His third scientific problem resulted in the discovery of the vasomotor system. In 1851 and while examining the effect of temperature on various parts of the body by cutting the nerves that innervated it, he noticed that the distal end of the cervical sympathetic increased the speed of circulation and made the pulse more noticeable in the arteries in some parts of the head; shortly afterward he also noticed that electrical stimulation of the proximal portion of the divided nerve had the opposite effect. In this way, he established the existence of vasomotor, dilator, and constrictor nerves.
The Legacy of Claude Bernard
He favored the study of the physiological activity of poisons, in particular curare and carbon monoxide gas. Although he published his data in scientific journals, he saved his best comments for his public exhibitions, which he gave with great dramatic force, and the series of these lectures filled 17 volumes called 'Cahiers' (Notebooks). He also published two very famous books, Introduction à la medicine expérimentale (1865) and Physiologie genérale (1872).
Claude Bernard modernized the teaching of medicine by introducing the basic sciences in the University curriculum, being considered the founder of the modern science of endocrinology.
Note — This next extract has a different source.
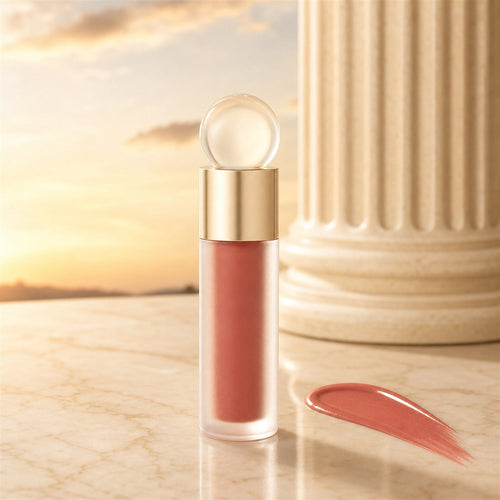 Golden Hour velvet liquid blush at sunset with swatch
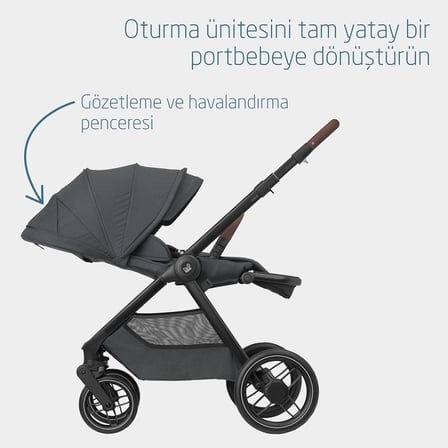 Maxi-Cosi Oxford-Pebble Slide Pro Çift Yönlü Seyahat Sistem Bebek Arabası Graphite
He is currently known, among many other things, for his formulation of the concept of the 'constancy of the internal environment' and that Walter Cannon baptized with the name we now know it by, homeostasis.
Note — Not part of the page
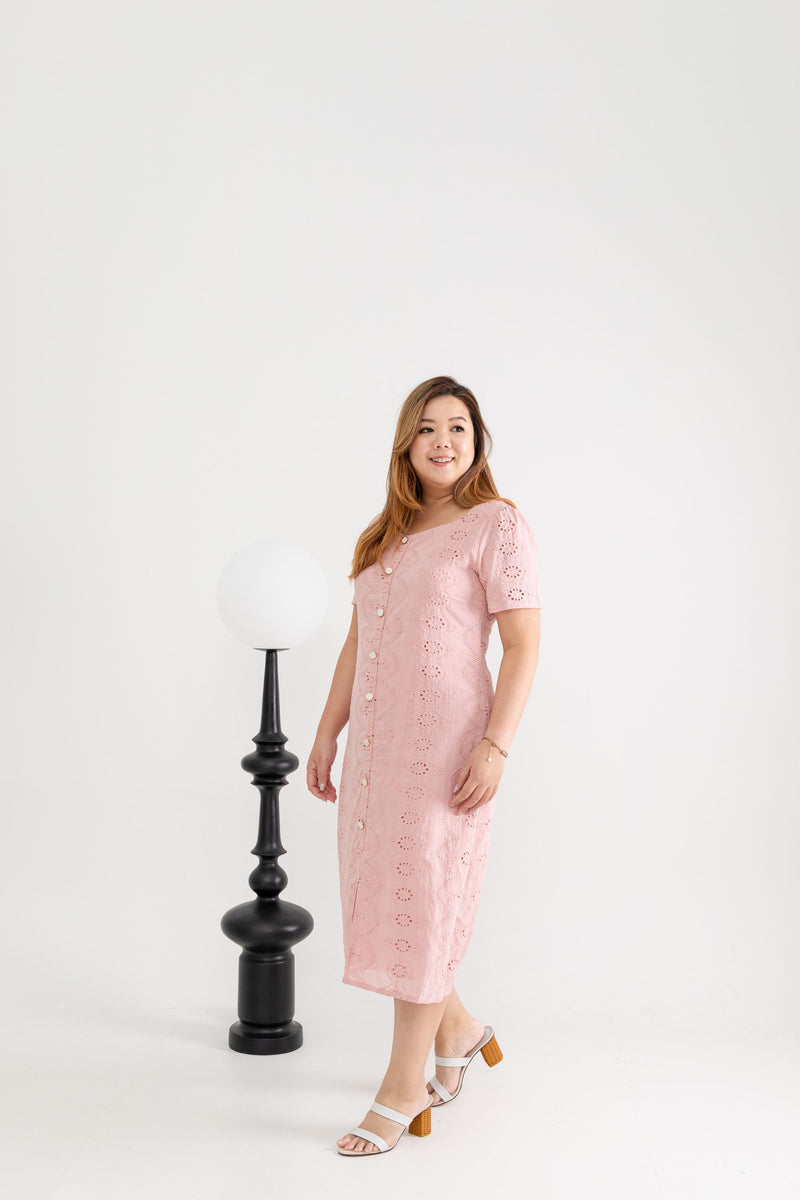 Crochet Eyelet Shift Dress (Pink)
Bernard also left his name on a rare congenital disease called Bernard-Horner Syndrome or Oculosympathetic Palsy. Currently, the disease is attributed to a sympathetic-cervical lesion and is both congenital and acquired, being associated with sympathectomies performed to relieve chronic pain. It is characterized by eyelid ptosis (drooping eyelids), miosis (decreased pupil opening), anhydrosis (insufficient sweating), and heterochromia of the iris (differently colored eyes).
Claude Bernard was a great doctor and scientist who laid the modern foundations of physiology and did many investigations that helped to develop technology in medicine and new applications and methodologies in certain diseases. He is undoubtedly one of the pioneers in his field, and his conclusions have had a positive effect to this day.